Image-text web data
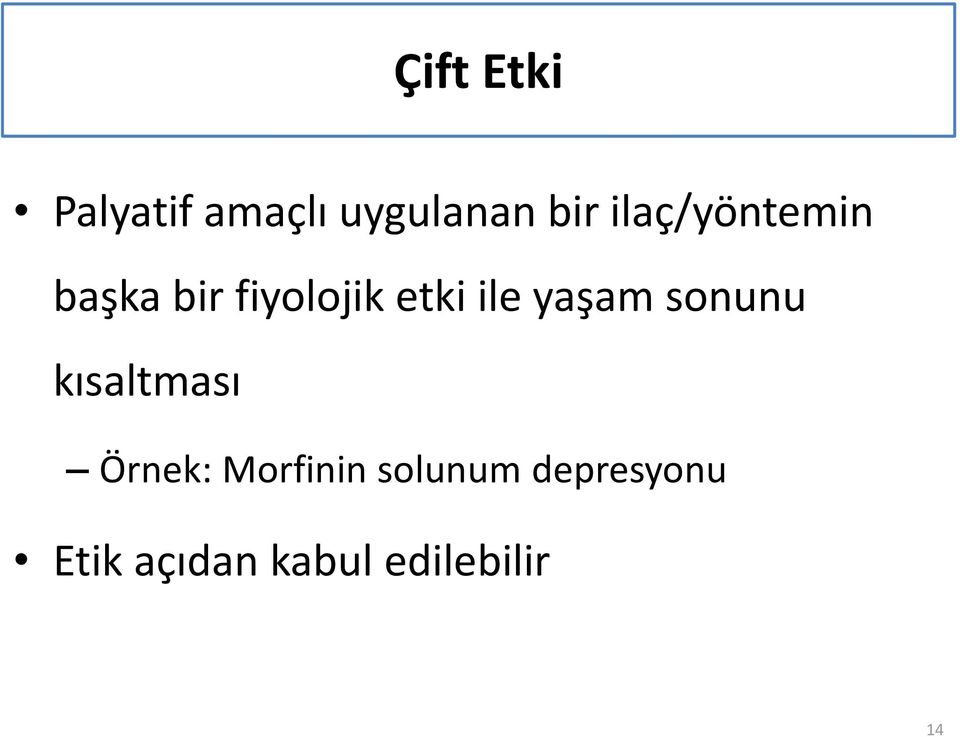 yaşam sonunu kısaltması Örnek: Morfinin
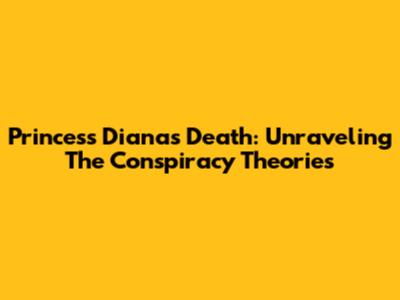 Princess Diana's Death: Unraveling The Conspiracy Theories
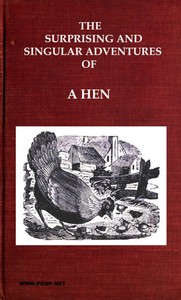 Cover of The Surprising and Singular Adventures of a Hen as Related by Herself to Her Family of Chickens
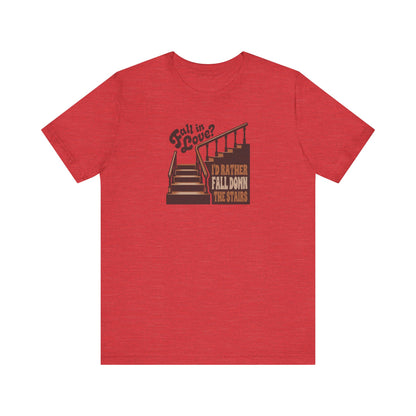 Fall in Love? I'd Rather Fall Down the Stairs — Retro Tee (Light)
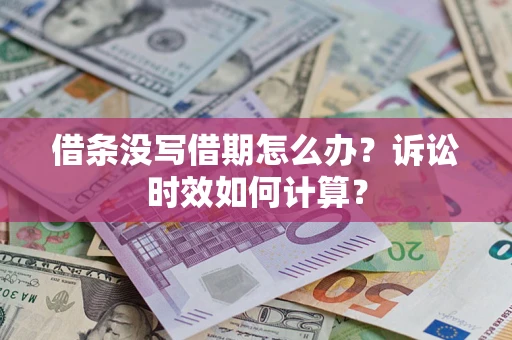 北京借条没写借期怎么办？诉讼时效如何计算？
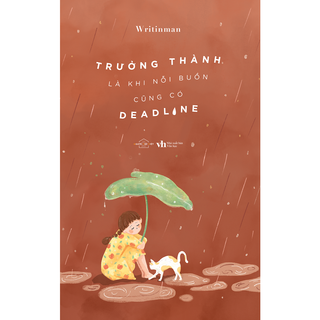 Sách - trưởng thành là khi nỗi buồn cũng có deadline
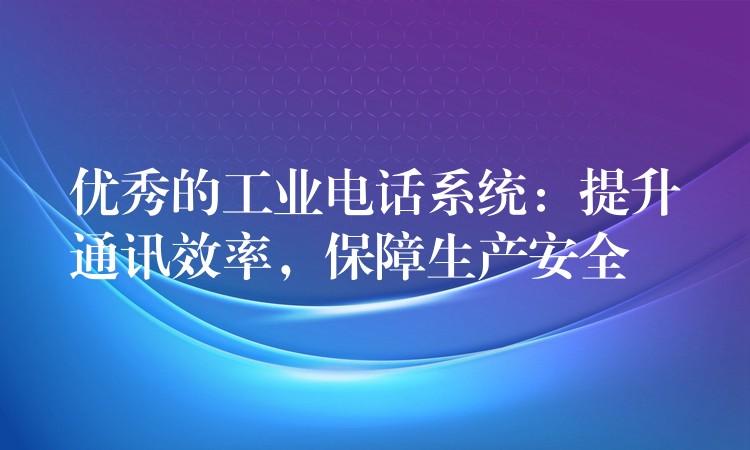  優(yōu)秀的工業(yè)電話系統(tǒng)：提升通訊效率，保障生產(chǎn)安全
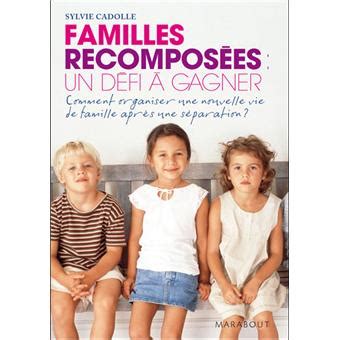 Familles Recompos Es Un D Fi Gagner Poche Sylvie Cadolle Achat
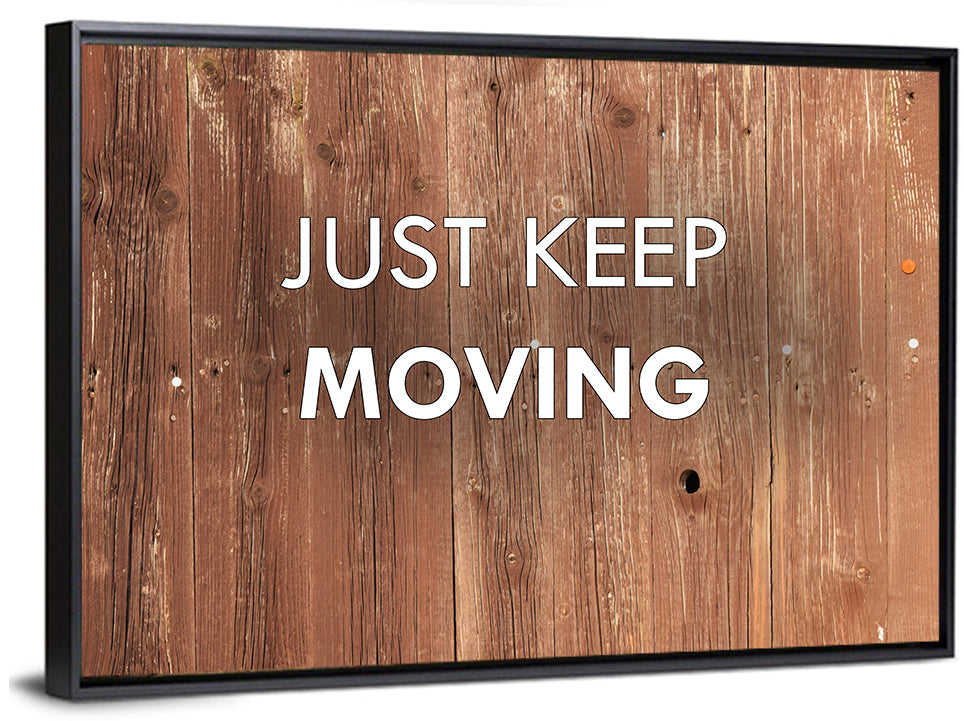 Just Keep Moving I Wall Art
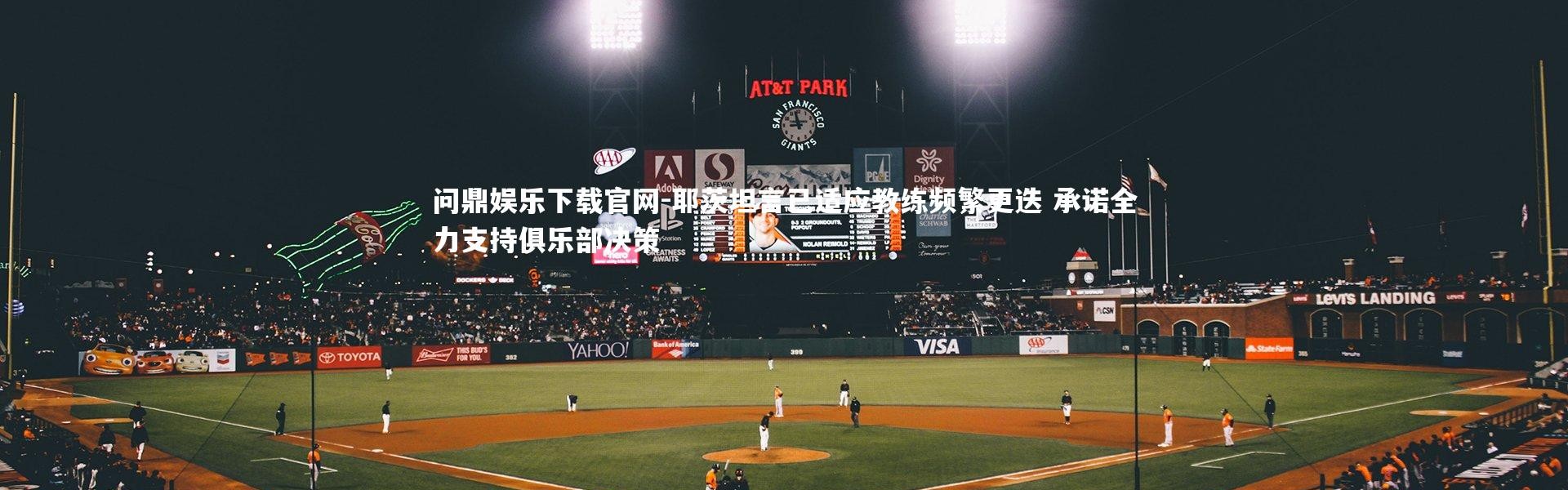 问鼎娱乐下载官网-耶茨坦言已适应教练频繁更迭 承诺全力支持俱乐部决策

▸ PROMPT:
Pick up at the line that holds "Cover of The" and restate each line, word for word, through the last line of the entries. Include both end lines but none of the pictures.

▸ RESULT OF THIS TASK:
 Cover of The Surprising and Singular Adventures of a Hen as Related by Herself to Her Family of Chickens
 Fall in Love? I'd Rather Fall Down the Stairs — Retro Tee (Light)
 北京借条没写借期怎么办？诉讼时效如何计算？
 Sách - trưởng thành là khi nỗi buồn cũng có deadline
  優(yōu)秀的工業(yè)電話系統(tǒng)：提升通訊效率，保障生產(chǎn)安全
 Familles Recompos Es Un D Fi Gagner Poche Sylvie Cadolle Achat
 Just Keep Moving I Wall Art
 问鼎娱乐下载官网-耶茨坦言已适应教练频繁更迭 承诺全力支持俱乐部决策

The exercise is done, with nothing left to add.